But in cases which relate to life and ultimate felicity, if there be no God to require of me any self-denying virtue here, nor to reward me hereafter, the superior rule of nature and reason is to save myself, and make myself happy, though ten thousand of my fellow-creatures suffer by it. What obligation can the welfare of the whole society lay upon me to do any thing for them, if I must perish? If I must lose all life, and being, and happiness, for ever, by the practice of social virtue, what is there in reason or nature can oblige me to practise it? Or who is there to reward my self-denying virtue? The secret consolation, or the public glory of a few dying moments, that I have lost my being and my happiness in service to the public, is but a poor and irrational recompence, if there be no God.

Let me add at last; wheresoever there are two different obligations which cross each other, the strongest obligation must be obeyed, and the other ceases. Though there are eternal differences between virtue and vice, and dry abstracted reason may require and seem to oblige us to the practice of virtue; yet since reason and nature, with its piercing sensibilities, join to dictate self-preservation or self-felicitation are we not first obliged to obey these dictates? Is not this obligation strongest? And should not nature and reason, when joined together, break through, or rather surmount and supersede all these abstracted moral notions and differences of vice and virtue, in favour of each man's own sensible happiness? And then I think the least inference we can make is, that man's obligation to these social virtues, especially in such sort of cases, can never be plainly proved and secured by reason, without the supposition of an existent God.

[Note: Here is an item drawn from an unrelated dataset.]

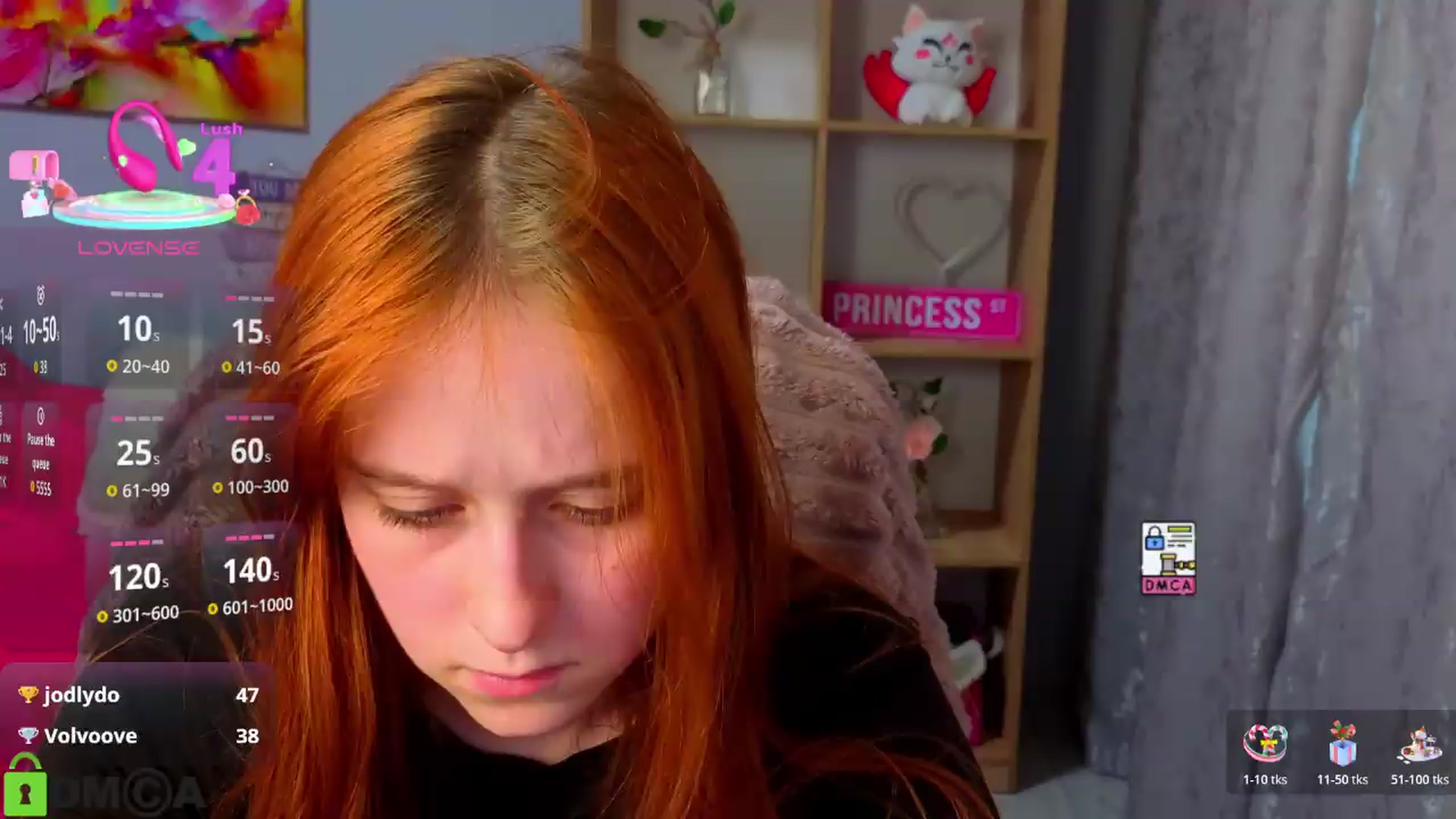 Gallery image thumbnail from WowEmma_'s myfreecams stream on, 05/12/2026, 15:26 image 19 of 20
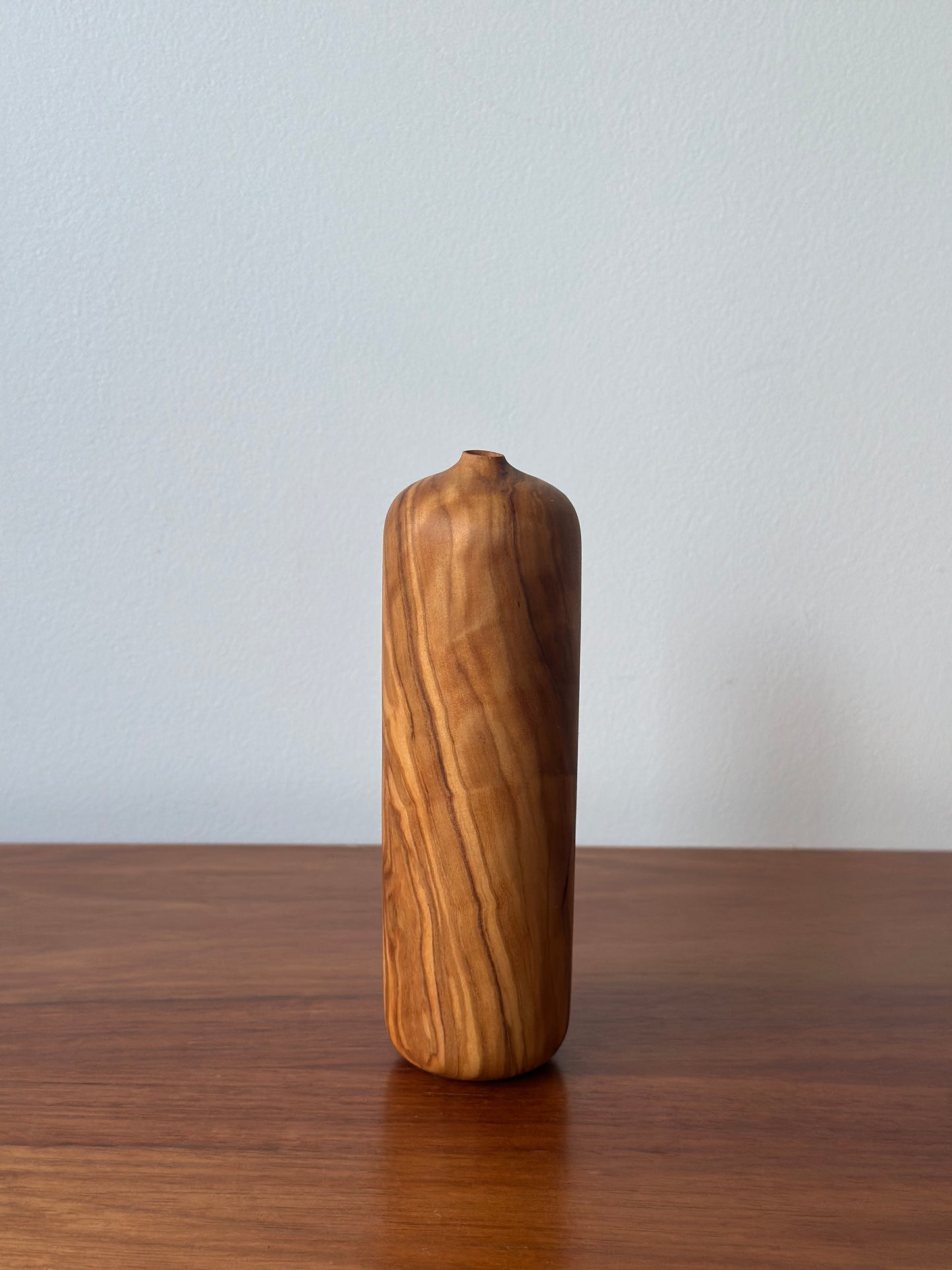 slender bottle vase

But if there be a God who governs the world, whose will and authority require the practice of virtue, and who will bestow upon those who practise it, an ultimate felicity, then the practice of social virtue is secured by the strongest obligations: And thus the moral obligation, which arises from the reason of things, and the divine or religious obligation, which arises from the will of God, together with the natural obligation, which springs from the pursuit of our own happiness, are all united to secure the practice of every virtue.

SECT. VI.-The Chief Difficulty of this Scheme of thoughts removed.

After a careful survey of what I have written on this subject, I can find but one difficulty of any importance attending it Perhaps some friend may rise up here and object, that the whole stress and weight of my argument against the sufficient" obligation to virtue, arising from the mere fitness of things," rests and turns upon this single point, the certainty of divine rewards, which alone can bring over the principle of self-love to the side of virtue. But is it absolutely certain, that God will reward every man's virtue? And if he does not, then it will be said, that according to my argument, even the known will and command of God, though joined with the fitness of things, will lay but an insufficient obligation upon us to practise virtue: For the will of God, which really and in truth should give the highest obligation to the rules of virtue, will be as much superseded and overpowered by this same principle of self-love and self-felicitation, as that which arises from the fitness of things: And thus, if God be not a rewarder of virtue, Philedon will be indulged in all manner of pleasant vices still; though the known will of God forbids him.

This objection, as plausible as it appears, I think may be answered these two ways:-I. The will of God in commanding virtue, and the will of God to reward it, ought never to be separated. The equity and goodness of God joined together, incline him to consult the happiness of his creatures, as well as his own honour, in the obligations which he lays upon them to virtue or piety. He has inseparably united our duty and our best interest : And, therefore, though the will of God, made known to man, is a just obligation on man to obey it; yet since God himself hath mingled so intense and supreme a desire of happiness in our composition, he will provide some satisfaction for it in the way of obedience or virtue. Since God has inwrought in our frame such active principles as hope and fear of gaining or losing this happiness, there is abundant reason, from the light of nature, to conclude, that he did not make all these supreme passions about happiness in vain; nor to obstruct our virtue, but to encourage and promote it; and consequently that he will be a rewarder, as well as a commander of it.

If St. Paul may be cited here, he is of the same mind ; Heb. xi. 6. He that cometh unto God, that is, with a holy resosolution to do his will, must believe that he is, and that he is a rewarder of those who diligently seek him. To live a life of obedience to God's will, and trust in his goodness, with the faith and hope of divine rewards, this is the general idea of the religion of man both before and since the fall, both natural and revealed; Do this, and thou shalt live: Repent, and your sins shall be blotted out: Believe, and obey the gospel, and thou shalt be saved.